Великий миф решается в тех жанровых и эстетических параметрах, которые доступны средним европейцам. Это тоже адаптация, довольно несложный балаган, но если у Смедса балаган эстетически обработан, огранен, как драгоценный камень, тонкими шлифовальными инструментами современного театра, то в "Фаусте" самое большое впечатление производят хорошо тренированные артисты на сетках, трапециях и канатах. Новый цирк?
Под финал лауреат, Петер Штайн, исполнял на Александринской сцене своего "Фауста" - моноспектакль, в котором звучали он сам и рояль. Когда зал уже совсем изнемог и почти умер, один из коллег вспомнил слова Мейерхольда о том, что такое ад: непрерывное художественное чтение...

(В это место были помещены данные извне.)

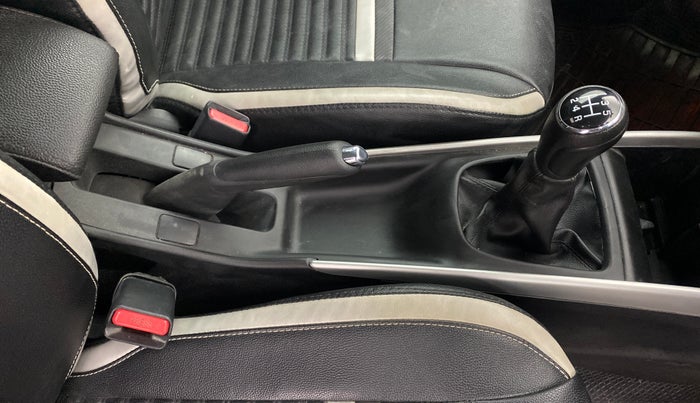 2017 Maruti Baleno ZETA PETROL 1.2, Petrol, Manual, 96,758 km, Gear Lever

А чуть раньше Штайн показал "Разбитый кувшин" с Клаусом-Марией Брандауэром в роли судьи Адама. Красивый, живописный, безукоризненный по вкусу и органике спектакль "настоящего немецкого качества". Ожившая гравюра превращается затем в живописную картину быта и нравов, режиссер и актеры элегантны и милы, словно нарисованные тонкой кисточкой из беличьих волосков. Спектакль понятен каждому, кто склонен переступить порог театра, он дает настоящее созерцательное удовольствие, он устойчив, в хорошем смысле классичен. Сидишь и думаешь: как хорошо, когда немецкая булочная стоит на одном и том же месте 150 лет! Как правильно, что есть такие спектакли! Они внушают жизни устойчивость. Когда-то чеховскими спектаклями Штайн возвращал нам нашу почву. "Разбитым кувшином" дает почву немцам.

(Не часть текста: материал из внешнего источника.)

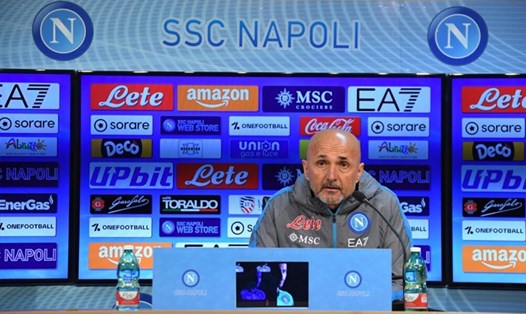 Huấn luyện viên Spalletti thừa nhận Napoli đã chủ quan trước AC Milan. Ảnh: CLB Napoli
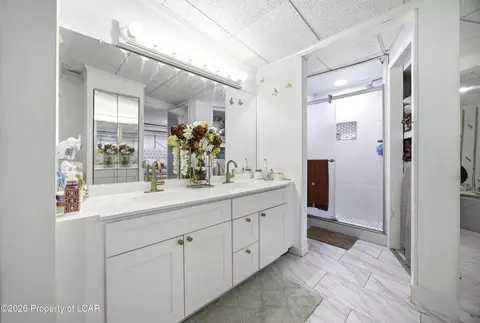 Bath - 1002 E 9th St, Hazle Township, PA 18201 photo 6 of 7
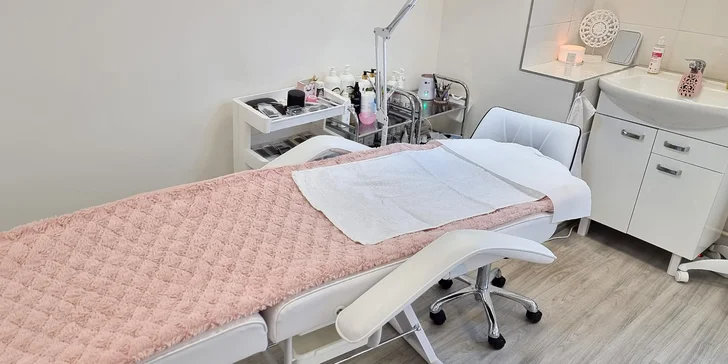 Kašmírové řasy ze salonu v Táboře: prodloužení a zhuštění řas i jejich doplnění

На нынешней церемонии лауреатов рассадили "по интересам", согласно сохранившимся в Александринке кассовым книгам. В ложе Суворина, которую абонировал Чехов, сидел Штайн. Смедс занимал в третьем ярусе ложу № 3 Маннергейма. Юрий Любимов и его жена занимали места четы Достоевских... А Андрей Могучий сидел за восстановленным режиссерским пультом, который придумал когда-то Мейерхольд. Выступали начальники (надеюсь, что синхрон был плохой, и содержание их речей не дошло до европейских гостей). Зато перевод был не нужен, когда зал стоя аплодировал Любимову. И когда на фоне березок мелькали звезды Евросоюза.
"Русь, чего ты хочешь от меня?" - спрашивал нас неделю европейский театр. Мы хотели хороших спектаклей. Мы получили их, не приобретя при этом комплексов "убогого чухонца", которому совестно за отечественное искусство. Нет, стыдно за Отечество не было, но сразу после закрытия торжеств мы выстроились в очередь на маршрутку, каждый день уходящую в Хельсинки. Очень хочется увидеть еще и еще спектакли Кристиана Смедса.